*Problem description*. Begin at the line below that holds "Tap 'remove app,'" and end at the line that holds "Good morning to", transcribing each line exactly and skipping any picture.

*Records for this exercise*.

::::

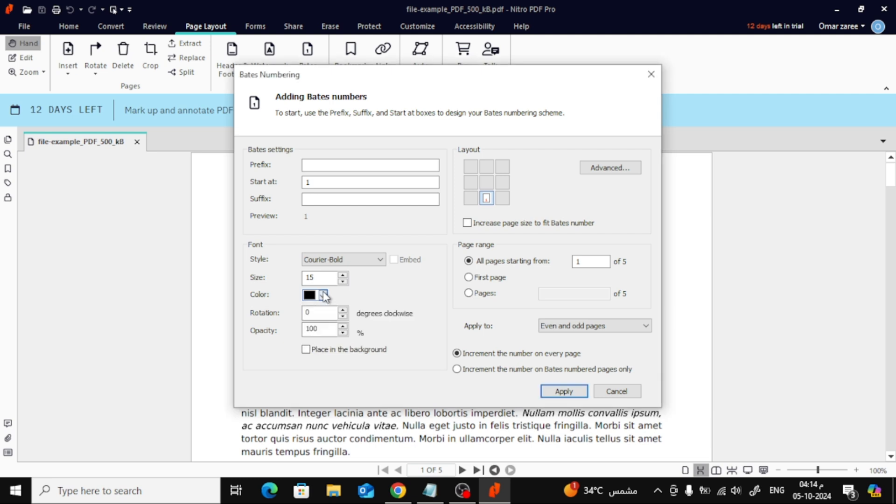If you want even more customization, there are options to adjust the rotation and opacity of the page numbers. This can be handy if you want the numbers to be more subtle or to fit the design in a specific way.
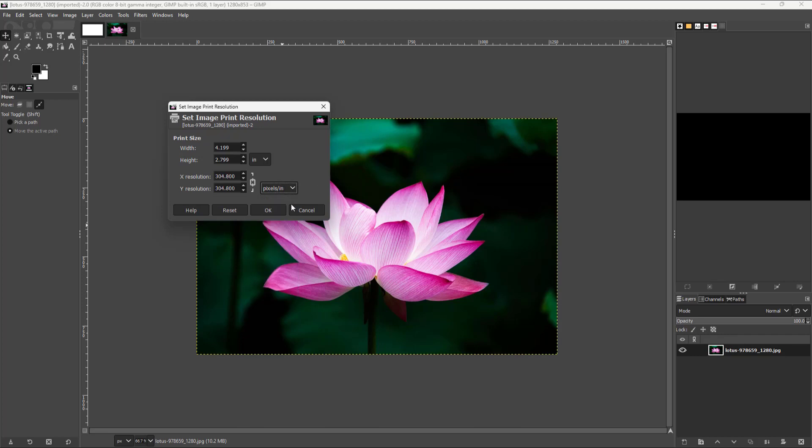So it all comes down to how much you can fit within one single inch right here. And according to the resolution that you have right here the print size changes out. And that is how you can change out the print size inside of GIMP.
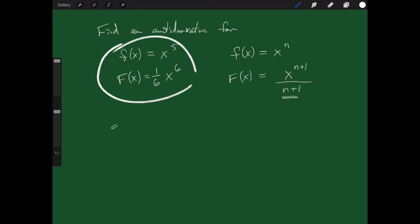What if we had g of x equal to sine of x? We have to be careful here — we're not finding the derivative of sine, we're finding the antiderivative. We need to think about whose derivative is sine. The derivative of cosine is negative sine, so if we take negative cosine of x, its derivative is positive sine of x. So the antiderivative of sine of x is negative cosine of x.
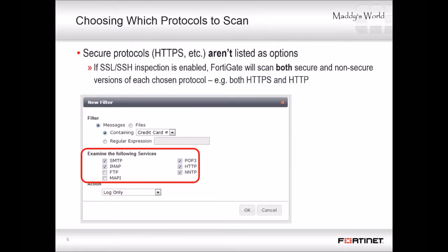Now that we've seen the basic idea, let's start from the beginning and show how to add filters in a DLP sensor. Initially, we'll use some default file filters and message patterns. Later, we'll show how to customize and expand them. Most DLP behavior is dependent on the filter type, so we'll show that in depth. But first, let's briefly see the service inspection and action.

::::

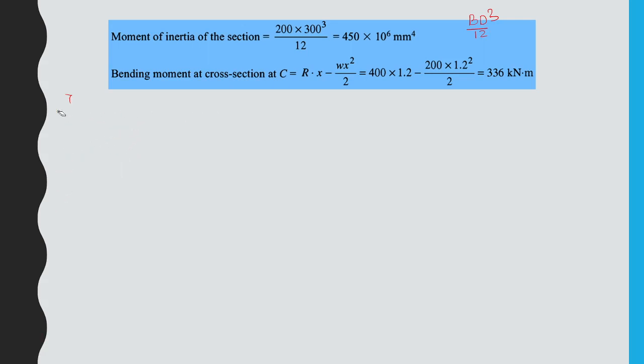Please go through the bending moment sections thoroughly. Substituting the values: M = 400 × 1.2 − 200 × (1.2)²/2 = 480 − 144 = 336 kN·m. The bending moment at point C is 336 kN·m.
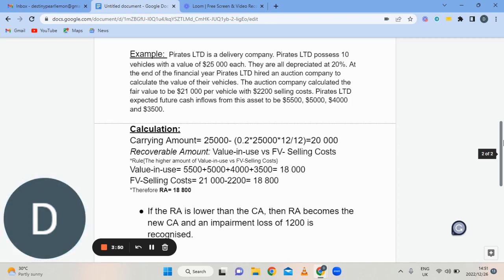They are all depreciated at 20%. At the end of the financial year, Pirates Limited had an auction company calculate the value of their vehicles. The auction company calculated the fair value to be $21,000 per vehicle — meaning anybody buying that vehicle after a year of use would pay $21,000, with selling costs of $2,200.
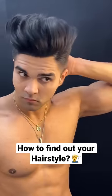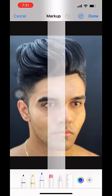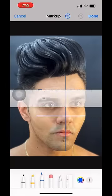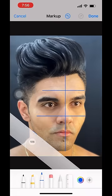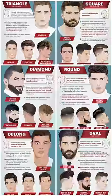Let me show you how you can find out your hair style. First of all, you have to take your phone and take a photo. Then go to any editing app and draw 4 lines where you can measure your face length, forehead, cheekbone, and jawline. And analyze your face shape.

::::

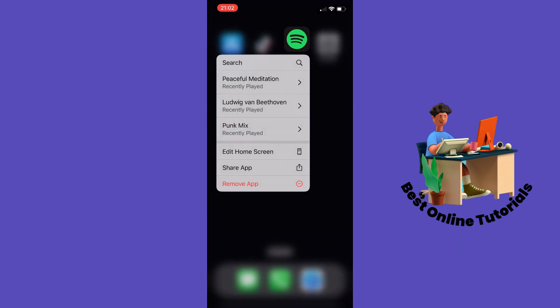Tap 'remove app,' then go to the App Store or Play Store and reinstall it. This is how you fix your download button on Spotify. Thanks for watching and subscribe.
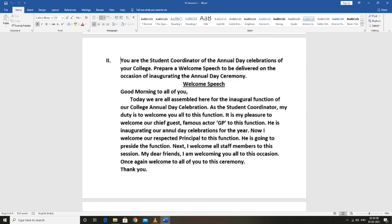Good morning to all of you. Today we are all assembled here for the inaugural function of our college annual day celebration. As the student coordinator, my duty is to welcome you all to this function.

::::

*Expected output*.
Tap 'remove app,' then go to the App Store or Play Store and reinstall it. This is how you fix your download button on Spotify. Thanks for watching and subscribe.
Good morning to all of you. Today we are all assembled here for the inaugural function of our college annual day celebration. As the student coordinator, my duty is to welcome you all to this function.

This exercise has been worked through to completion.